*** Data for the task Section Begins ***

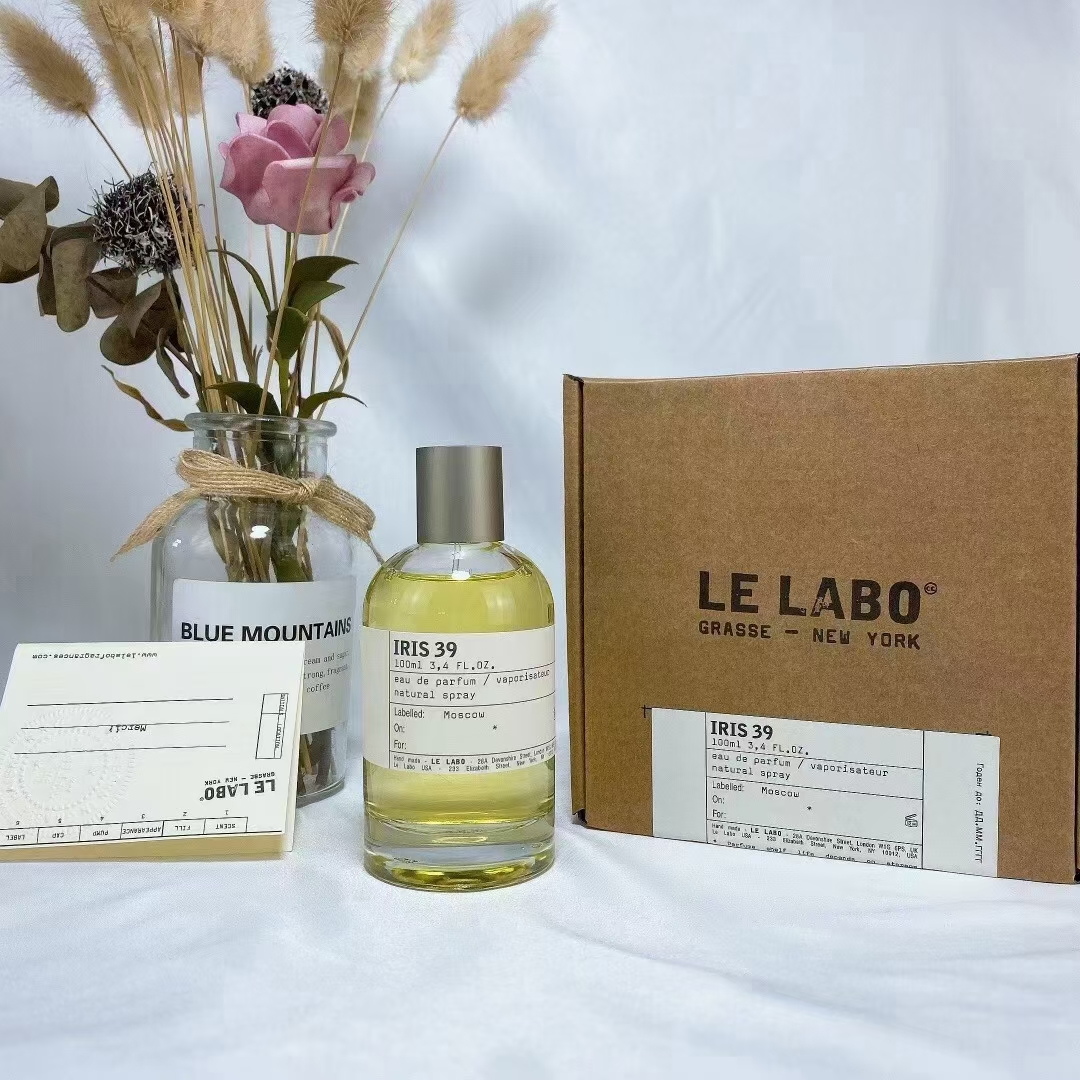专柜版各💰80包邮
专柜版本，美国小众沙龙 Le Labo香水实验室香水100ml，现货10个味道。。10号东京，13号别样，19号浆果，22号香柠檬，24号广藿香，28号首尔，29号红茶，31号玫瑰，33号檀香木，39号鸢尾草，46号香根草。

*** Data for the task Section Ends ***
*** Data for the task Section Begins ***

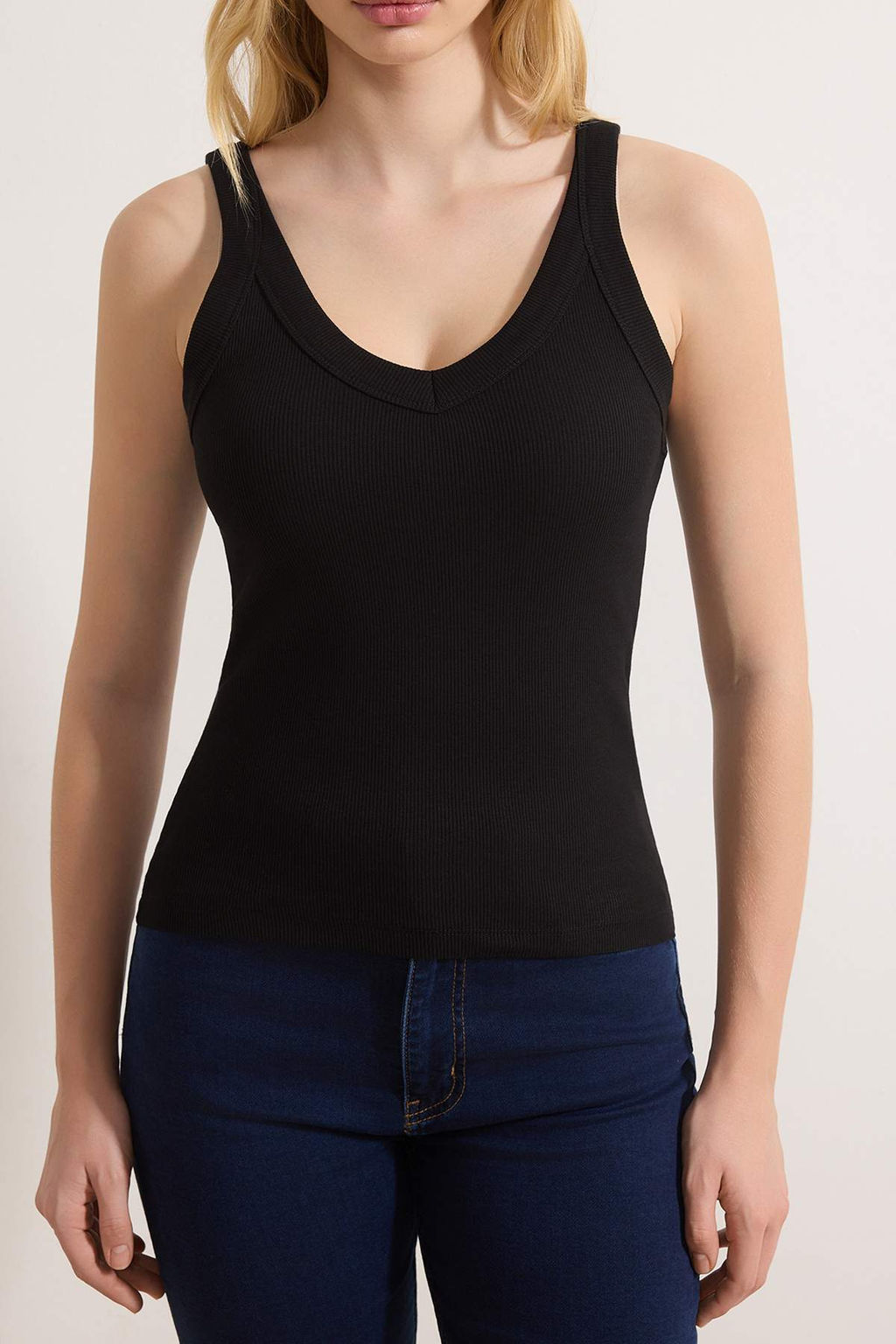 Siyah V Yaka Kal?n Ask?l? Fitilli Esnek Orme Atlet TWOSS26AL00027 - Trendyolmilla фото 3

*** Data for the task Section Ends ***
*** Data for the task Section Begins ***

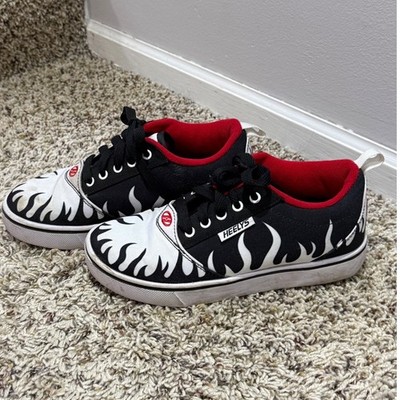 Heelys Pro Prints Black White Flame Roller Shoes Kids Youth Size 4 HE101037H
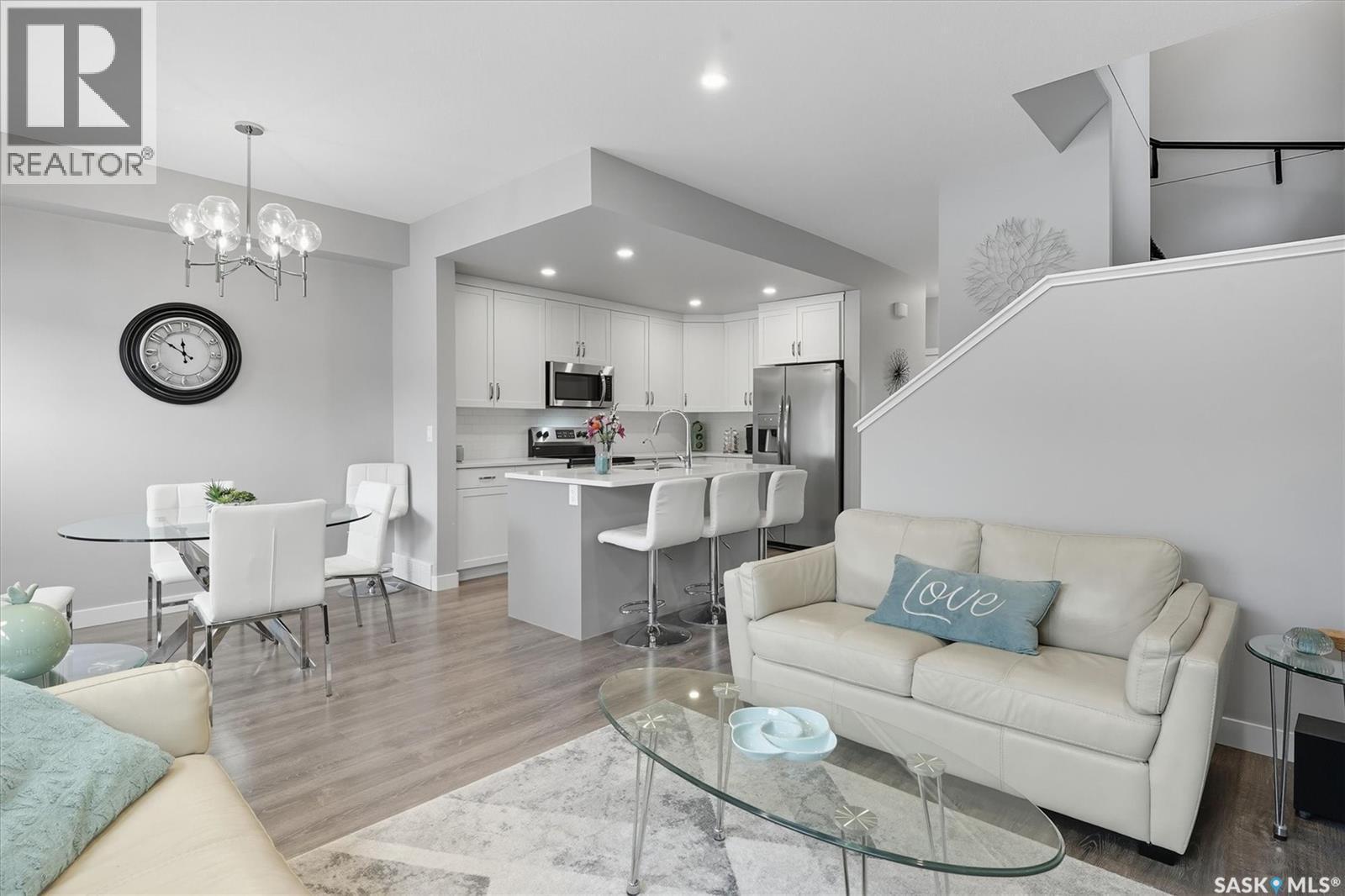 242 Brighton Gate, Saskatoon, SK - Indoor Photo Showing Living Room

*** Data for the task Section Ends ***

What you return must match, character for character, the lines above from the one with "Heelys Pro Prints" through the one with "242 Brighton Gate, Saskatoon, SK", minus any pictures.

• [Response to this exercise]:
 Heelys Pro Prints Black White Flame Roller Shoes Kids Youth Size 4 HE101037H
 242 Brighton Gate, Saskatoon, SK - Indoor Photo Showing Living Room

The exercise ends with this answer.